I would like to make a custom CDF where I can view the top part of the CDF with even spacing between 0.9, 0.99, 0.999, etc.
To do this, I tried the following code:
library(ggplot2)
library(scales)
log_tail_trans = function() trans_new("log_tail", function(x) -log10(1-x), function(y) 1 - 10^(-y), breaks=c(0.9, 0.99, 0.999))

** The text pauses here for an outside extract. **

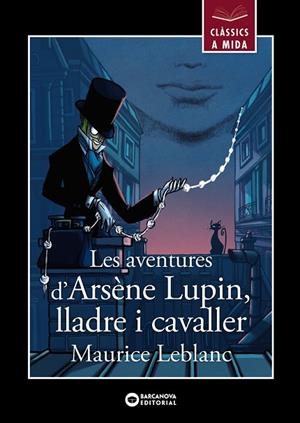 AVENTURES D'ARSÈNE LUPIN, LLADRE I CAVALLER, LES | 9788448955861 | LEBLANC, MAURICE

p <- ggplot(df, aes(value)) +
stat_ecdf(geom='step') +
coord_trans(y = 'log_tail') +
theme_bw() +
ylim(c(0.68, 0.999999)) +
xlim(c(0, 1000))
This appears to produce the CDF I want, but even though I've specified breaks, I get the default breaks, as seen below:
There's a previous SO question where someone has the same issue without a CDF and the accepted answer is to use scale_y_continuous to modify the breaks after applying coord_trans, but if do the same thing with a CDF, there's no change and I get the plot above.

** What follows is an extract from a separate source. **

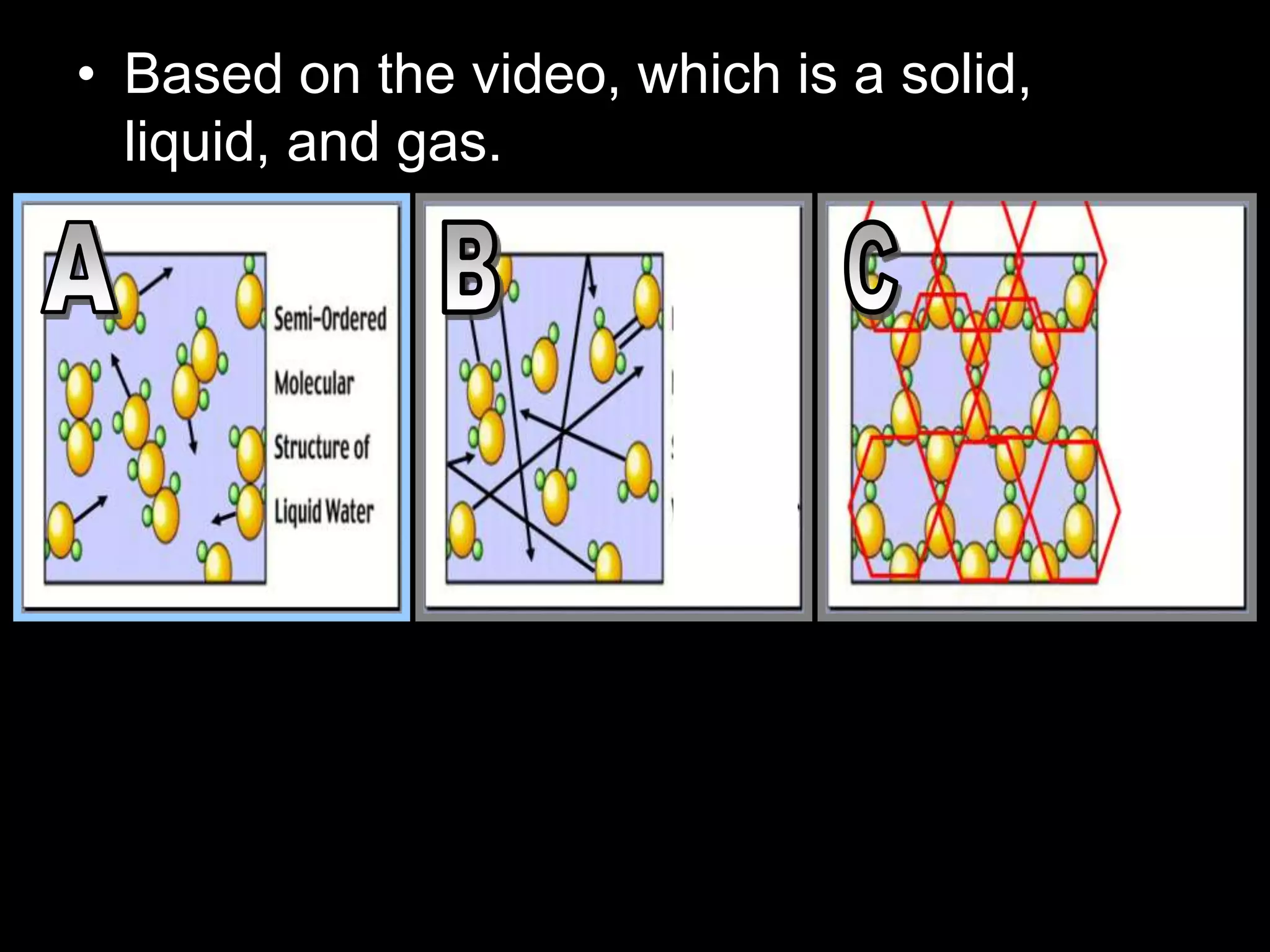 • Based on the video, which is a solid,
liquid, and gas.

p <- ggplot(df, aes(value)) +
stat_ecdf(geom='step') +
coord_trans(y = 'log_tail') +
scale_y_continuous(breaks=c(0.9, 0.99, 0.999), labels=c(0.9, 0.99, 0.999)) +
theme_bw() +
ylim(c(0.68, 0.999999)) +
xlim(c(0, 1000))
I've also tried passing my transformation into scale_y_continuous, but if I do that with a CDF, then no transformation occurs and I still get the default breaks even though I'm specifying breaks and labels.
One way I could solve this problem is to "manually" compute the CDF and do the transform myself and then set custom labels, but is there something I'm doing wrong in the above that I need to change or is there an alternate method I can use that takes advantage of ggplot (or tidyverse or other pre-existing) functionality?
This is with R 4.0.3, ggplot 3.3.3, and scales 1.1.1.